• **AIM OF THE EXERCISE**:
Look below for the line that contains "Peregrinos y turistas", and write out exactly that line and all remaining lines of the listing, omitting pictures.

• **DATA FOR THE TASK**:
☆ ☆ ☆

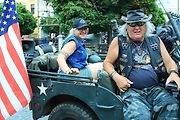 Spanilá jízda amerických historických vozidel a motocyklů v České Lípě.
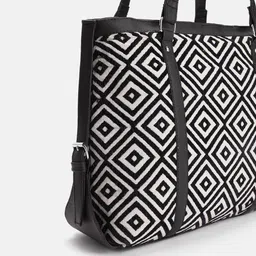 Anouk Geometric Design Structured Shoulder Bag image 3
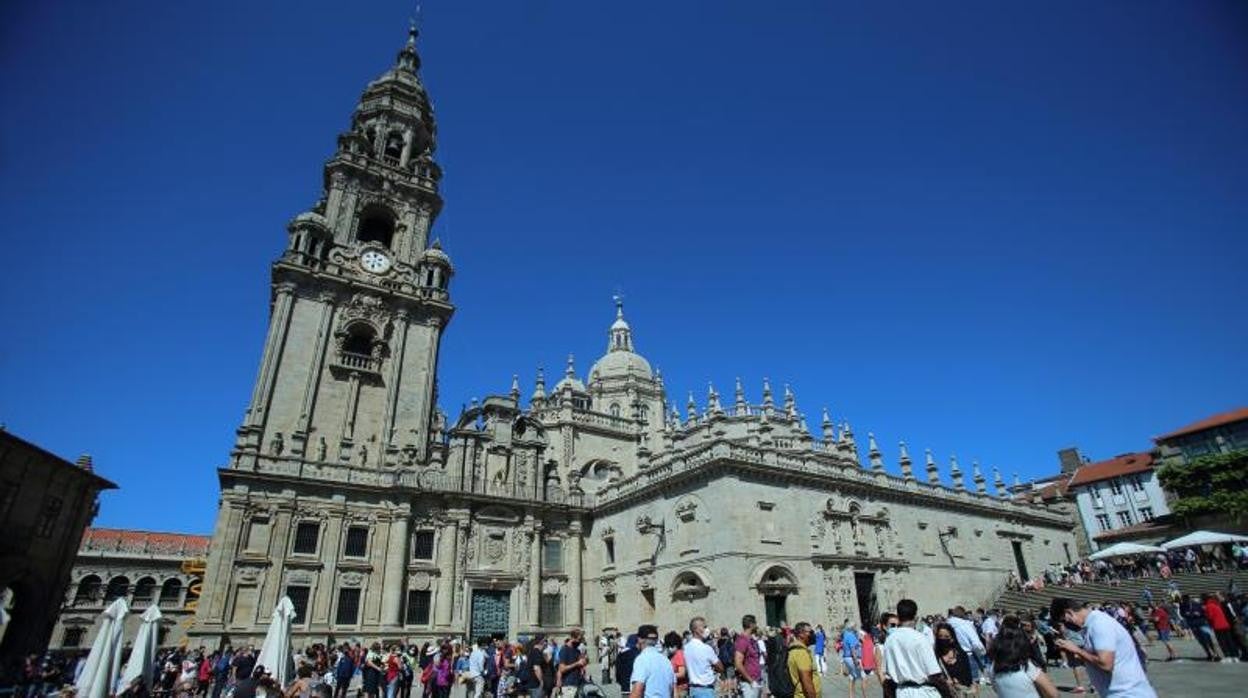 Peregrinos y turistas hacen cola para acceder a la Catedral de Santiago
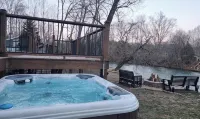 Waterfront Home, 3 BR, 2 Bath, HOT TUB, Pet-Friendly, Fishing, Fire Pit - 4 stjerner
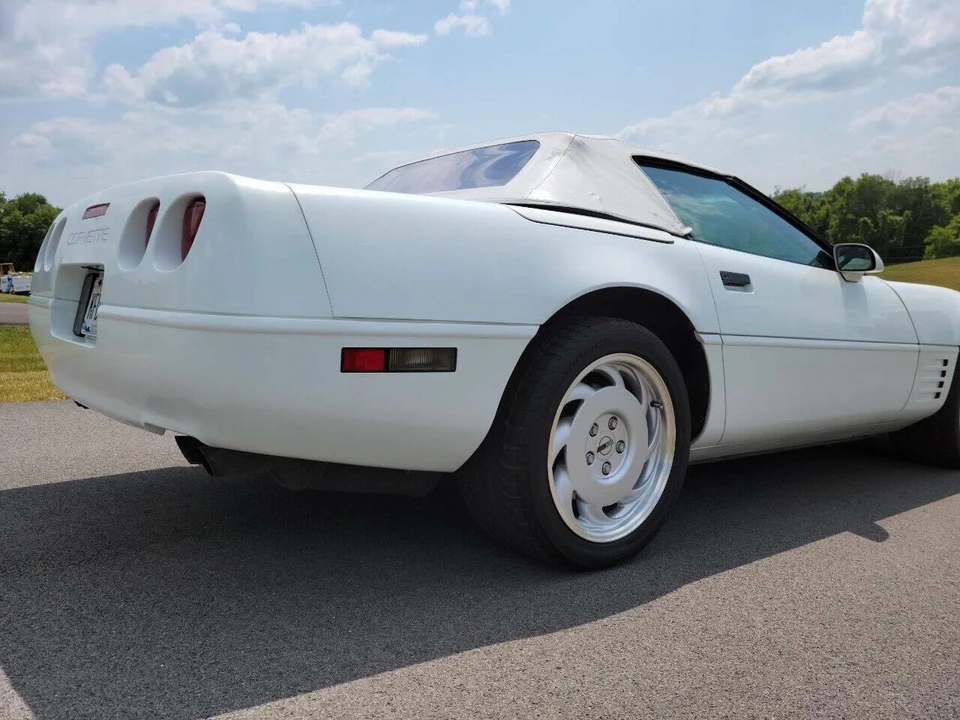 1991 Chevrolet Corvette C4 - Image 4 of 19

☆ ☆ ☆

• **TASK RESPONSE**:
 Peregrinos y turistas hacen cola para acceder a la Catedral de Santiago
 Waterfront Home, 3 BR, 2 Bath, HOT TUB, Pet-Friendly, Fishing, Fire Pit - 4 stjerner
 1991 Chevrolet Corvette C4 - Image 4 of 19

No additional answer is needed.